I kept listening and dancing through my 20s and 30s. Between relationships, work, family, etc., the “soundtrack” became less and less central to my identity, and the selections more intimate but I’d periodically go back to the well and crank up some “Do Me Baby” “When You Were Mine” “Let’s Work” “I Would Die 4 U” "Uptown" “Pop Life” “Kiss” "Sexy M.F." etc. and connect with that part of myself.
In 2003, I was fortunate to see him for the first time at the Garden with seats so good Jay Z and 50 Cent were sitting right behind us. In a sign of how far behind the times I'd fallen, I didn't even recognize them. It was an incredible show - three hours and every song a classic - that reminded me how prolific, groundbreaking and just kick ass a musician and performer he was.
In retrospect, some of the musical choices we made to define ourselves seem incredibly foolish in hindsight. For years, I dismissed Springsteen, my adult life soundtrack, as "suburban" trash because, after all, who from the suburbs wants to advertise that fact. And only time allows me to chuckle at the 17-year-old walking down the street thinking everyone realizes how cool he is because of the distorted selection blasting from his portable Sony cassette player. Still and all, I gotta say, I really nailed it with Prince.
When an artist we were connected to dies, it reminds us of a part of ourselves. The further removed, and the closer to our own mortality, it summons a person who is not gone, but whom we might have forgotten. Over the past few days, I've revisited the soundtrack, and all the good times and people I’ve shared it with.
Comments
Annie Christian and Oh Sister fit the urban transition, Patti Smith, THeads, Grandmaster Flash, Television, Iggy still, Blondie... Off the Wall was Michael's emergence from Gary, Indiana into an artist. Bob Marley was there in the form of The Clash. In some ways, Prince was Zappa evolved - kinky, uberfunny, provocative, bizarre. He was Bowie gone urban, fallen to earth - androgeny on 52 channels, a bit of symbolism but mostly flair.
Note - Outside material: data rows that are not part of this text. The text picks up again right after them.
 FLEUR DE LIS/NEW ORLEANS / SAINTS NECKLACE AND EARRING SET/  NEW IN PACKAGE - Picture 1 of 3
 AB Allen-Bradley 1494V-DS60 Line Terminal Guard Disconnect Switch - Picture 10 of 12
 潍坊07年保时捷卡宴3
He was Parliament focused - in the groove and more fashionable diapers with a sistership connection. Definitely crossover appeal.
1999 hit small town America, huge. Delirious was on my regular playlist the way Springsteen never would be, sorry Boss.
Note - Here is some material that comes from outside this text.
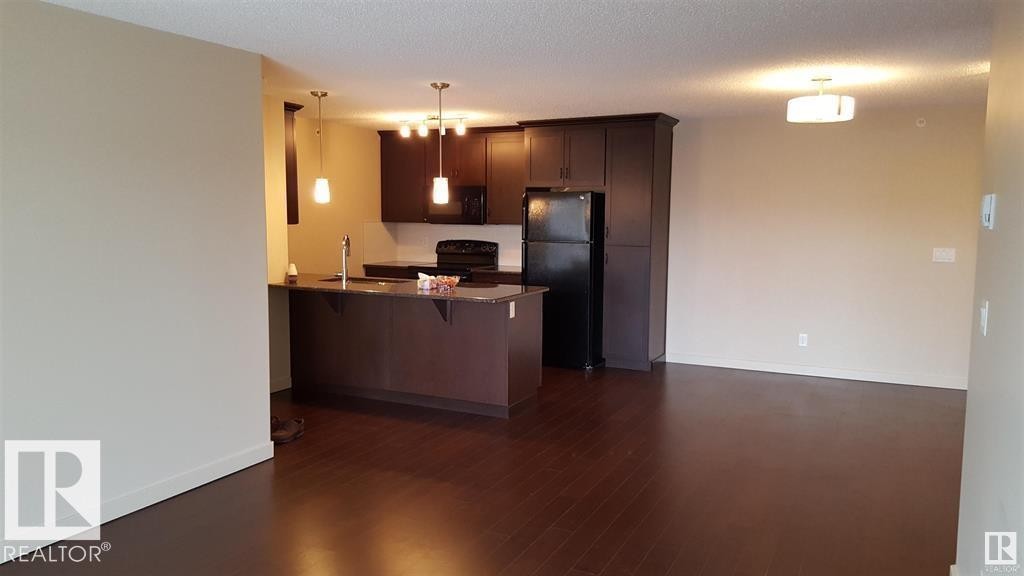 437 6076 Schonsee Way, Edmonton, AB - Indoor Photo Showing Kitchen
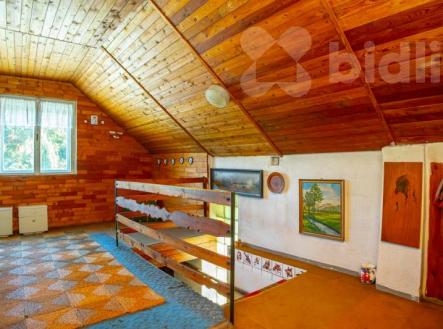 Prodej dům 5+1 Zlaté Hory, zahrada, garáž, chatka. | Prodej - dům/vila, 206 m²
by PeraclesPlease on Mon, 04/25/2016 - 5:38am
Yes. Yes. Yes. Yes. And yes!
by armchair guerrilla on Mon, 04/25/2016 - 2:13pm
Enjoyed this, Armchair,and who we share our musical experiences with is key to our enjoyment. Among my progeny they probably go to thirty concerts a year and I try but can't get into it. Maybe weed has something to do with it, I only tried it on 3 occasions.The third and last time was at a party after our chorus had just sung the Brahms Requiem. I cornered a lady there who had previously been a friend and kept telling her she should have children.
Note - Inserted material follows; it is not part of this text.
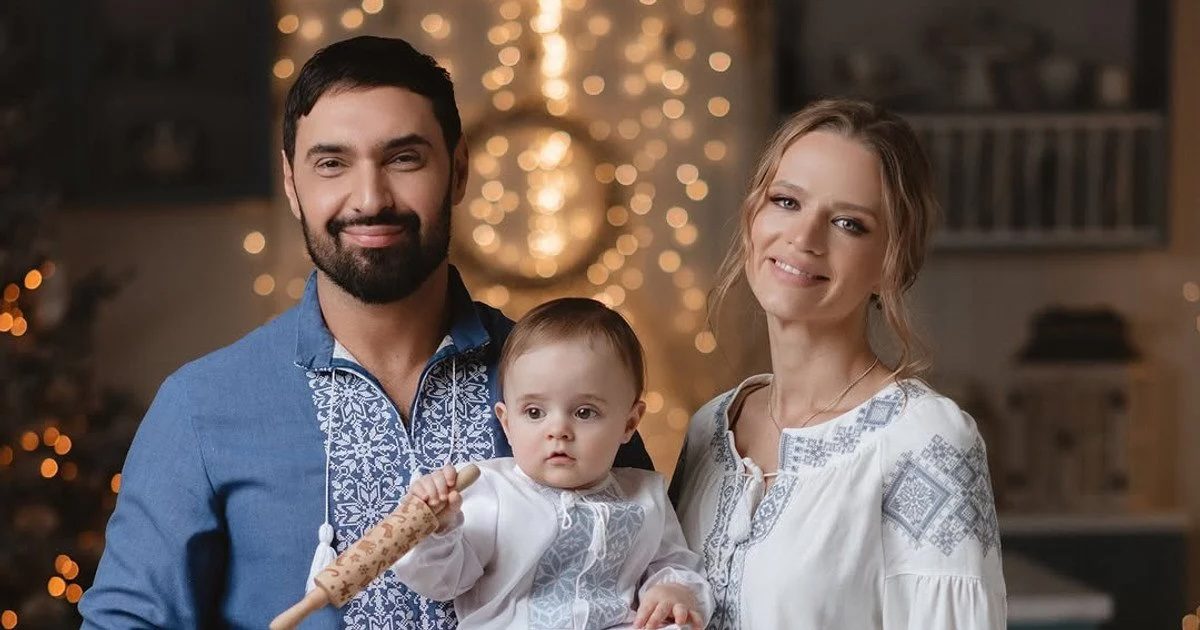 Віталій Козловський показав свою дружину і сина, яких вважають підставними. Фото: вільні джерела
I have done choral singing my entire life and am fortunate to have done a lot of touring at an earlier age when I could better manage the travel and tough rehearsal schedules. Yesterday listened to :"Serenade to Music" by Vaughn Williams, based on Merchant of Venice. I understand your comment about "mortality".---one of the soprano parts is so beautiful it just about brought me to my knees---and I could have been o.k. with lifting off the planet from a barn loft in a pasture in Texas.
Enjoy your writing.
by Oxy Mora on Mon, 04/25/2016 - 10:08am
Thank you!
by armchair guerrilla on Mon, 04/25/2016 - 2:14pm
Great stuff. AG. Though I'm still dismissive of Springsteen.
by Michael Maiello on Mon, 04/25/2016 - 11:29am
Thank you - and especially for saying it twice. As for the Boss - chacun a son gout. After all, "who among us...?"
by armchair guerrilla on Mon, 04/25/2016 - 2:17pm
Great piece, Armchair. Now I'm looking forward to your next post.
by Michael Wolraich on Mon, 04/25/2016 - 6:30pm
Careful, he's probably got Johnny Rotten or Morrissey duct-taped in a basement somewhere. Like feeding the volcano.